It turned out to be a Terrible Thursday as India's stock markets witnessed their worst fall in more than 18 months in points terms.
The Bombay Stock Exchange benchmark Sensex tumbled by 546 points (3%) to end at a seven-month low of 17,632 after the ugly political crisis in oil producer Libya took world crude prices to a 30-month high of $120 per barrel.
The broader Nifty at the National Stock Exchange fell by 174.6 points 3.2 per cent to 5,263.
High oil prices have a knock-on effect as they increase trade deficit, manufacturing costs and industrial demand.
Experts advised retail investors not to venture into a volatile market for quick gains and stick to systematic investment plans of mutual funds to buy into stocks.
Indian markets fared the worst as most Asian and European markets fell by around 1% while China's Shanghai Composite index closed the day with an actual gain of 0.6%.
"I think the markets are over-reacting to concerns that the Libya crisis may spread across other nations and that there will be oil supply problems," said Pankaj Pandey, head of research at ICICI Securities.

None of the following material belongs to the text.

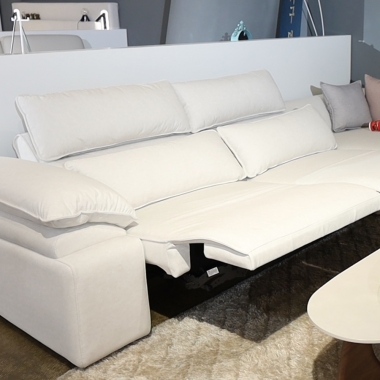 리네 패브릭 리클라이너소파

A sell-off in the futures and options (F&O, derivatives) segment added to the market mood as speculators avoided fresh orders on the last day of their trading settlement period.
"The steep fall was so swift that every pullback attempt was used for further selling," said Amar Ambani, head of research at India Infoline.
Worst-hit were stocks in the banking, consumer durables and capital goods industries.
Some analysts say a growth-oriented budget for 2011-12 may improve market sentiments.
"Most of the negativity is already discounted and a good budget focusing on infrastructure spending can bring a balance to the India growth story which as of now is skewed towards consumption-led growth," said Pandey.